6/2(土)、大阪市西区のミニシアター・シネヌーヴォにて大工原正樹監督の『姉ちゃん、ホトホトさまの蠱を使う』+プロジェクトDENGEKIの上映と初日舞台挨拶が行われた。

『姉ちゃん、ホトホトさまの蠱を使う』は、映画美学校で定期的に行われている生徒とプロのスタッフによるコラボレーション企画の1本として製作された作品。脚本は『赤猫』で大工原監督と絶妙のコンビネーションを見せた井川耕一郎氏。幼少期のトラウマを抱える姉と弟が、当時の一時期を過ごした港町に戻り、次第に無間地獄への道行きに嵌まり込む姿を描いている。
一緒に公開されるのは、プロジェクトDENGEKIとして大工原監督がセレクトした注目の短編群10本だ。

プロジェクトDENGEKIのラインナップは、大工原監督の『赤猫』(04)『純情No,1』(11)、渡辺あい監督『電撃』(11)、長谷部大輔監督『静かな家』(08)、磯谷渚監督『わたしの赤ちゃん』(09)、伊野紗紀監督『正当防衛』(10)、松浦博直監督『BMG』(09)、佐野真規監督『お姉ちゃん、だいきらい』(11)、川島玄士監督『ちるみの流儀』(11)。

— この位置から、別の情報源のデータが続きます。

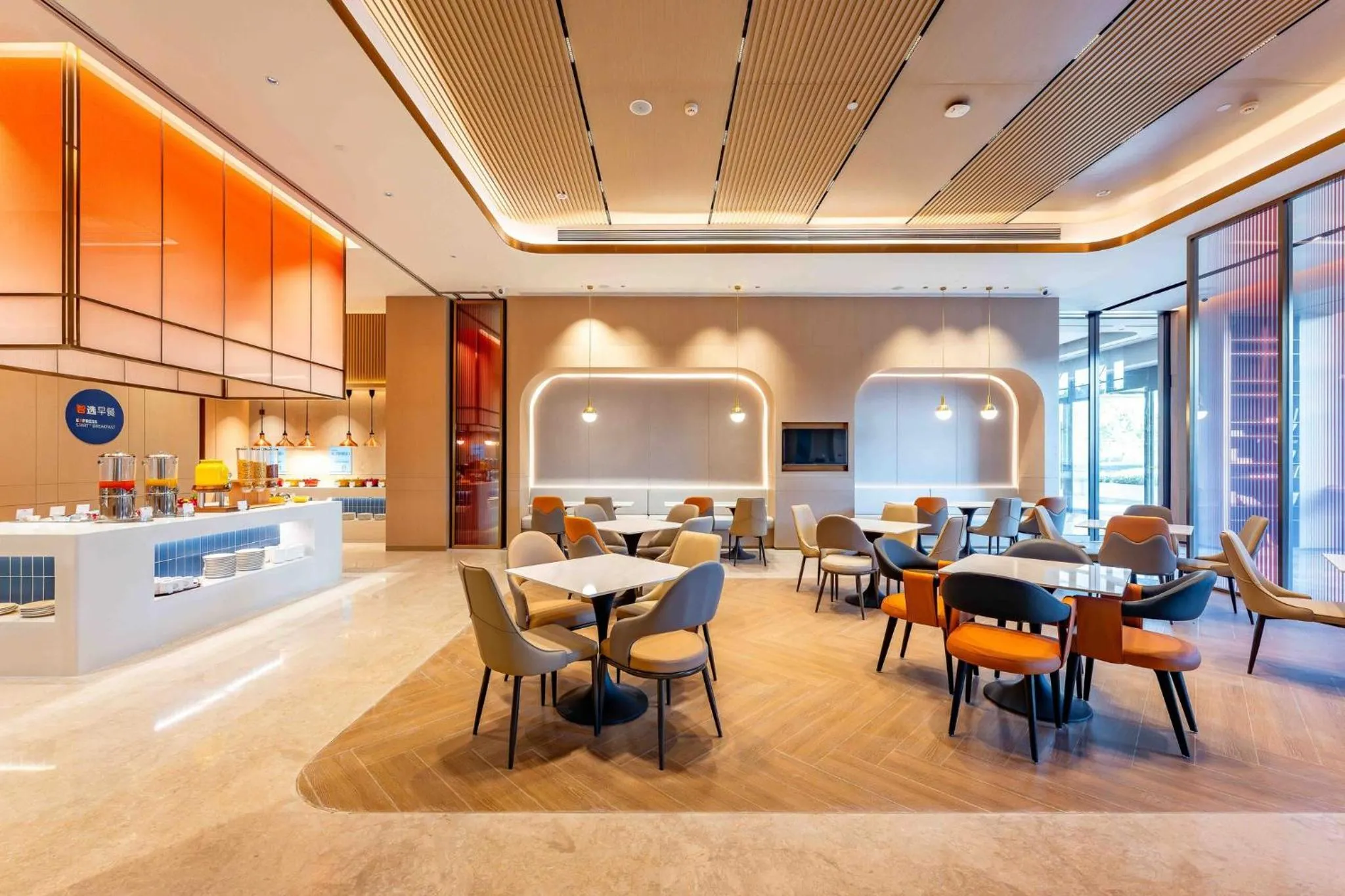 Restaurant/places to eat in Holiday Inn Express Haiyan by IHG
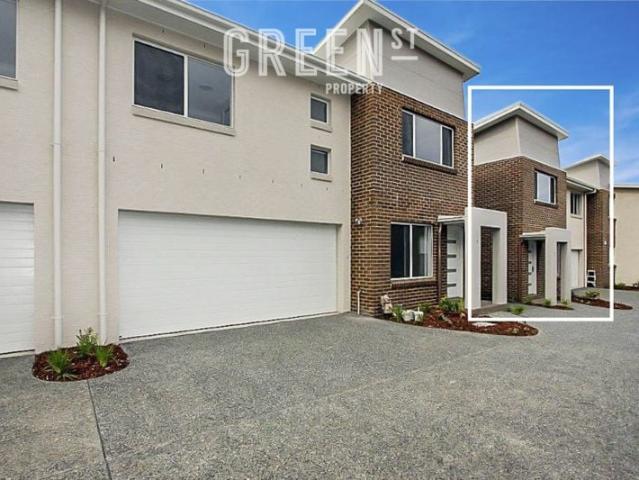 Stylish, Low Maintenance Living in a Prime Merewether Location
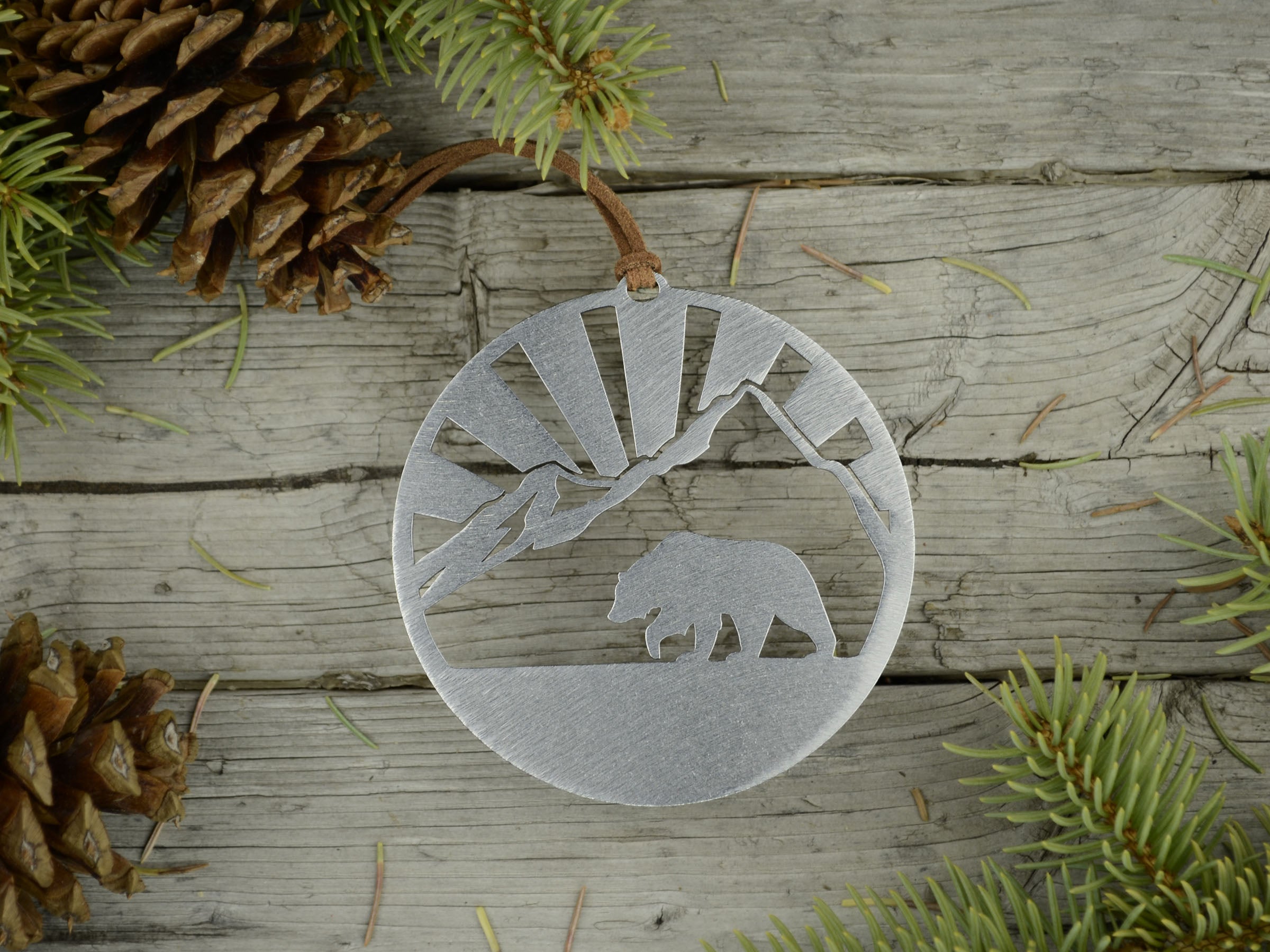 GrizzlySunbeam-Ornament-Silver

登壇したのは大工原監督と『姉ちゃん、ホトホトさまの蠱を使う』『純情No,1』主演の長宗我部陽子さん、『お姉ちゃん、だいきらい』の佐野真規監督、『ちるみの流儀』の川島玄士監督、『乱心』の冨永圭祐監督の5名。

大工原正樹監督は、
「長宗我部陽子さんは魅力のある女優さんなので、『ホトホトさま』と『純情NO.1』を観て彼女をもっと知って欲しい」
「『赤猫』は6年ほど前に撮った作品で主演は森田亜紀さん。劇団ストレイドッグに所属していて、映画美学校の修了生や他の講師の作品にたくさん出演していますが、『赤猫』で僕が森田さんを見つけて来たということで自慢したいです(笑)」

『姉ちゃん、ホトホトさまの蠱を使う』では生暖かい女の匂いがほとばしるような姉ちゃんを演じ、『純情No,1』では衝動に生きる女をスラップスティックに魅せた長宗我部陽子さん。
「ベテランの大工原監督と若手の監督の作品が一緒に上映されるのが面白いと思います。ぜひ皆さんに観てていただきたい」と魅力の1つである独特の低音で語った。

佐野真規監督は、初回Aプログラムのみで特別上 映された7分の短編に触れ、 「大工原監督は、『純情No,1』やこの短編のよう な力の抜けた作品を撮られる一方で、井川さんと組んだ『赤猫』『姉ちゃん、ホトホトさまの蠱を使う』は計算された作品になっていて振れ幅が広い」と脚本によりがらりとスタイルが変わる大工原監督作品の魅力をアピール。
自身の作品が上映されるCプログラムについては、
「現在公開中の大畑創監督『へんげ』主演の森田亜紀さんが『赤猫』『わたしの赤ちゃん』、内藤瑛亮監督『先生を流産させる会』主演の宮田亜紀さんが『正当防衛』で全く違う顔を見せているのも見所です。
僕が監督した『お姉ちゃん、だいきらい』は内藤瑛亮監督が主演していて、ブログで面白い文章を書いてくれています。プロジェクトDENGEKIのブログには高橋洋監督や様々な方のコメントがありますので、ぜひご覧になってください」

映画自主制作の現場で自分流儀で突き進むちるみを描いたフェイクドキュメント『ちるみの流儀』について、大工原監督は
「元々美学校の課題として撮った作品のため、映画らしい体裁はしていないが、ラインナップの中に置くと不思議と輝いて見える作品」とコメント。川島玄士監督は、
「『ホトホトさま』から緊張感のある作品が続くので気楽に楽しんでいただきたいです」

愛する男の浮気に悩みながらもかいがいしく世話を焼く妊娠中の女。そんな生活に男の妹が割り込んで来たことで、物語は思いも寄らない展開へ。『電撃』は、プロジェクトDENGEKIの企画始動時、大工監督から渡辺あい監督に1本撮らないかと声を掛けたことで出来た作品。
脚本と助監督を務めた冨永監督は
「当初は何人かでチームを組んでシナリオを書きましたが、納得が出来ない状態で撮影に挑んだ結果、一時中断しました。その後渡辺さんと僕でシナリオを書き直して出来上がった作品です」
大工原監督は
「渡辺さんが本気で取り組んだ最初の映画。中断中に僕も相談を受けて、ひょうたんから駒みたいな設定ができました」と語った。

シネヌーヴォでの上映は6/8(金)まで。次回が7月、名古屋で変則的プログラムで上映とのこと。『姉ちゃん、ホトホトさまの蠱を使う』+プロジェクトDENGEKIの作品をまとめて観られるのは大阪が最後のチャンスになる。関西圏にお住まいの方はぜひ足を運んでいただきたい。